Kemampuan berpikir pada manusia alamiah sifatnya. Manusia yang lahir dalam keadaan normal akan dengan sendirinya memiliki kemampuan ini dengan tingkat yang reletif berbeda. Jika demikian, yang perlu diupayakan dalam proses pembelajaran adalah mengembangkan kemampuan ini dan bukannya melemahkannya. Para pendidik yang lebih memusatkan pembelajarannya pada pemberian pengertian-pengertian atau konsep-konsep kunci yang fungsional akan mendorong subjek didiknya mengembangkan kemampuan berpikir mereka, seperti dalam belajar biola untuk pemula diajarkan tangga nada A Mayor dan banyak dari
mereka bertanya dan bahkan mencari sendiri tangga nada yang lain seperti tangga nada D dan G. Pembelajaran seperti ini akan menghadirkan tantangan psikologi bagi subjek didik untuk merumuskan kesimpulan-kesimpulannya secara mandiri.
2.2.1.6 Motif
Motif adalah keadaan dalam diri subjek didik yang mendorongnya untuk melakukan aktivitas-aktivitas tertentu. Motif boleh jadi timbul dari rangsangan luar, seperti pemberian hadiah bila seseorang dapat menyelesaikan satu tugas dengan baik. Motif semacam ini sering disebut motif ekstrensik, tetapi tidak jarang pula motif tumbuh di dalam diri subjek didik sendiri yang disebut motif intrinsik. Misalnya, seorang subjek didik gemar berlatih biola karena dia memang ingin lebih terampil dalam bermain biola (Supriadi, 2006:3).
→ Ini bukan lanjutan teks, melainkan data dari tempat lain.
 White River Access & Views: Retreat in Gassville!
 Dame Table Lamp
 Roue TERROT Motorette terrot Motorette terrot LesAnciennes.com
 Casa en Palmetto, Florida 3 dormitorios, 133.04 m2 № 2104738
Dalam konteks belajar, motif intrinsik tentu selalu lebih baik dan biasanya berjangka panjang. Tetapi dalam keadaan motif intrinsik tidak cukup potensial pada peserta didik, pendidik perlu menyiasati hadirnya motif-motif ekstrinsik. Motif ini bisa dihadirkan melalui penciptaan suasana kompetitif di antara individu maupun kelompok peserta didik. Suasana ini akan mendorong subjek didik untuk berjuang atau berlomba melebihi yang lain. Namun demikian, pendidik harus memonitor suasana ini secara ketat agar tidak mengarah kepada hal-hal yang negatif.3
Motif ekstrinsik bisa juga dihadirkan melalui siasat “self competition”, yaitu menghadirkan grafik prestasi individual subjek didik. Melalui grafik ini,
3
setiap subjek didik dapat melihat kemajuan-kemajuannya sendiri dan sekaligus membandingkannya dengan kemajuan yang dicapai teman-temannya. Dengan melihat grafik ini, subjek didik akan terdorong untuk meningkatkan prestasinya supaya tidak berada di bawah prestasi orang lain (Supriadi, 2006:3).